I didn’t realise that my husband stopped spending time with me and would leave the room when I walked in. At social dos, he would often interrupt me and change the topic of conversation. If I phoned, he would put me on hold to attend to someone else, but if someone else called while I was trying to speak to him, he would take their call instead. If someone said something to hurt me in his presence, he would not support me, or if our son was rude, he would not admonish him, but left me to rave and rant and then simply shut the door on my face.

I started feeling bad when I stumbled upon salacious messages exchanged between my husband and other women. I hadn’t even realised that my husband was solving other women’s problems and was visiting them while I languished at home getting clothes washed and ironed or arranging for food. I didn’t realise that over the years, my husband would communicate with me only if some domestic requirement arose. I didn’t realise that it had been a long, long time since we had touched each other and he never expressed the need to come close. I had stopped looking into the mirror and had no idea what my body looked like. Or what my husband’s body looked like now. I had no idea what was going on in his life, his job (he no longer required me for his professional protocol as he had switched professions), his family, or his plans.

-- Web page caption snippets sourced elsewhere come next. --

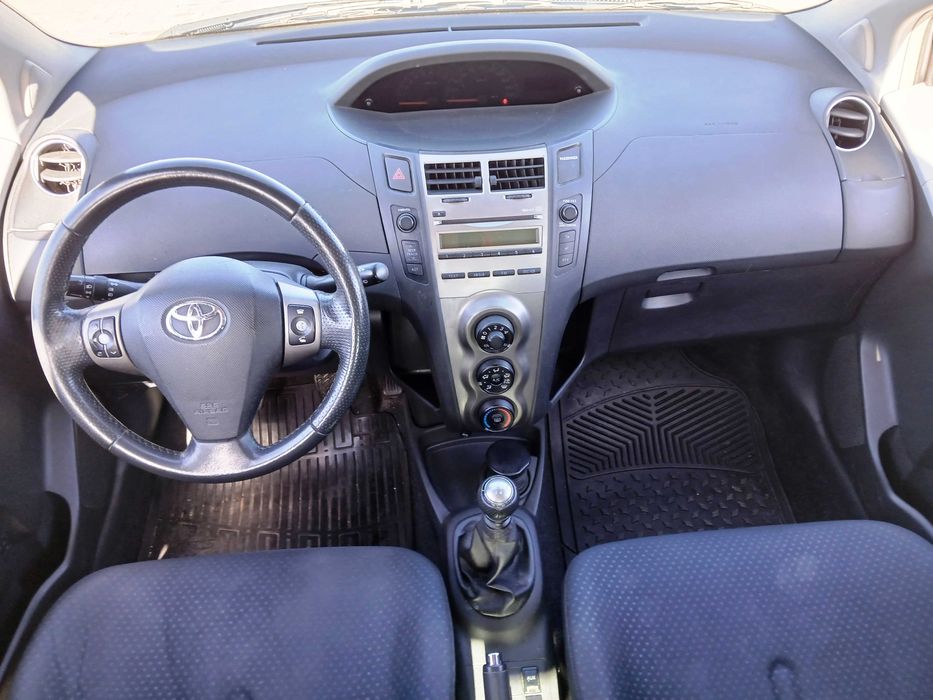 Toyota Yaris 1.3 VVTi  - Robusto fiabilidade e económico (Negociável)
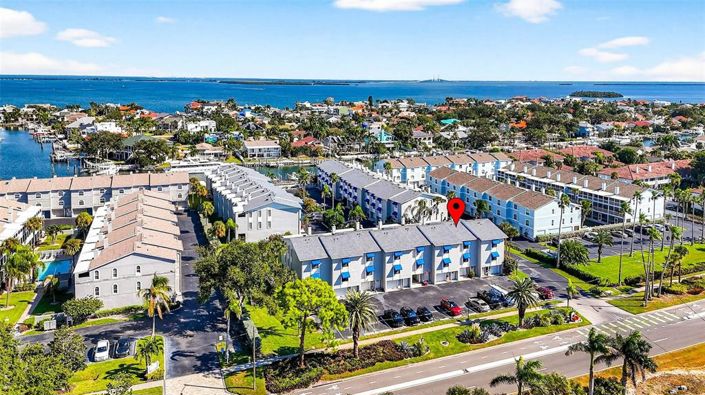 Image No.51-2 Bed Townhouse for sale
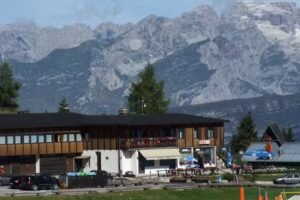 Residence e Ristobar Prada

It doesn’t matter to him if you are hurt, sick, lonely, ugly, or content,
happy, healthy, whether you have grey hair or dye your hair, whether
you want to share your innermost thoughts or your fears or tell him
that you don’t like seeing him holding another
woman’s hand.

It doesn’t matter whether you want to know what he’s thinking about or what plans he’s making, whether you want to share your dreams or simply share a drink, whether you want to be part of a conversation or be praised by someone, whether you worry for your child or have spent the better part of your married life rustling up his favourite dishes and waited and prayed fervently for his return. It doesn’t matter to him that while you have let go of your looks, health, desires, and are totally spent looking after his home, which you mistakenly thought was yours too, for two decades, and that while you are busy arranging the logistics for the child’s dinner and what needs to be done for the next day, instead of dressing up for that party, he spends the better part of the evening with that attractive woman in a cleavage-showing gown who didn’t do any of those things. And, what really hurt, you know? Not one person ever asked him where I had gone, where I had disappeared.

You don’t need a husband who beats you up, or insults you, or engages in extramarital affairs to ruin your self-esteem, to crush your identity. You just need a husband who looks right through you as though you don’t exist. You have ceased to exist as a woman for him. You have ceased to exist as a companion. You are simply a housekeeper and his body language is dismissive of you. He simply ignores you.

It hurts when your spouse no longer respects you as his partner. I am Nalini, nobody important.

(As told to Moupia Basu)


Moupia Basu

Moupia Basu is a seasoned writer and editor with over 25 years of experience. She has worked with some of the country's top publications and is currently Consulting Editor with a top advertising and media web portal. As the wife of an army officer, she has travelled extensively. Her first book, Khoka, was published last year.

Comments : 6

Aditi Srivastava: This is the story of many a woman around us, irrespective of the fact that she may be highly qualified and more competent than her spouse. And, even after sacrificing whatever Nalini could for the happiness of her husband's home, if he did indulge in extramarital affairs and humiliated her so as to crush her self-esteem and in turn, her identity I believe it's time she should take a stand for herself and set an example of not tolerating crap from anyone, be it her husband, at the cost of losing her love for living life and her self-confidence! A very poignant and deeply moving piece, Moupia.. Keep writing more :)

Raj: Women tend to look for and find mates who are more qualified/ successful/ educated than them. In such circumstances secondary role is expected. When a man marries a more qualified/ educated/ successful girl, he will also face similar issues. This has very little to do with gender bias Girls / boys who find equal partners do not experience such issues.

MadhumitaSinha: Absolutely heart touching and real in many ways . You have a knack to touch a cord with your gripping naratives . Kudos!